Мужики заулыбались. Кузьма достал кисет и закурил.
– Ну и как тебя сподобили из армии-то отпустить? – поинтересовался он.
– Ездил в ту пору по госпиталям с инспекцией его превосходительство генерал Граббе. Ну и кресты заодно вручал тому, кто заслужил. Вот и мне вручил моего второго «Георгия» и спрашивает: «А ты чего ж, кавалер, в свою батарею не возвертаешься?
Или курорт тебе госпитальный по душе пришелся?» Ну, я и обсказал ему всё как на духу. Выслушал он меня и говорит: «Вызвать ко мне доктора». Переговорил с ним и дал команду: «Езжай, говорит, солдат, на родину. Ты на поле брани за отечество пулю получил. Теперь до самой гробовой доски будете вы вместе.
Езжай, детишков рожай да подвиг свой воинский помни. Заслужил».

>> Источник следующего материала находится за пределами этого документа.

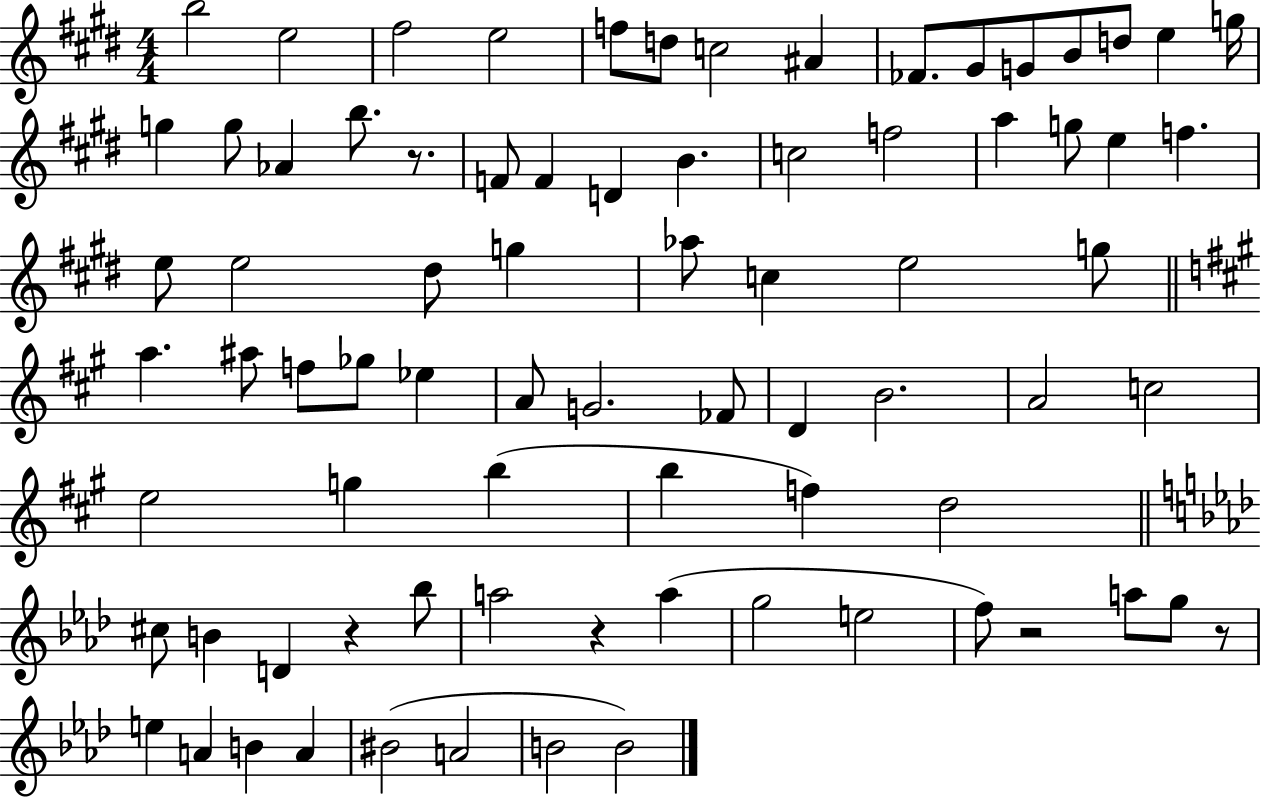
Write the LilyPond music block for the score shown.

– Вот так и вышло, что вместо двадцати годков отслужил я только десять, – закончил Ефим свой рассказ.
– Вот не думал не гадал, что ты у нас такой боевой. Кавалер аж двух «Георгиев», – с уважением произнёс Степан.
Было видно, что казаку страсть как хотелось бы самому поучаствовать в боевых вылазках против горцев, да и получить за храбрость крест парень был бы не прочь. Я же теперь смотрел на георгиевского кавалера совсем другими глазами. Из головы не шёл рассказ о грустной участи унтера, что по пьяной лавочке утонул в туалете. Не иначе, как и Ефим приложил к этому свою руку.
Боевой дядька, ничего не скажешь. Недаром ведь говорят, что у каждого в шкафу спрятан какой-нибудь скелет.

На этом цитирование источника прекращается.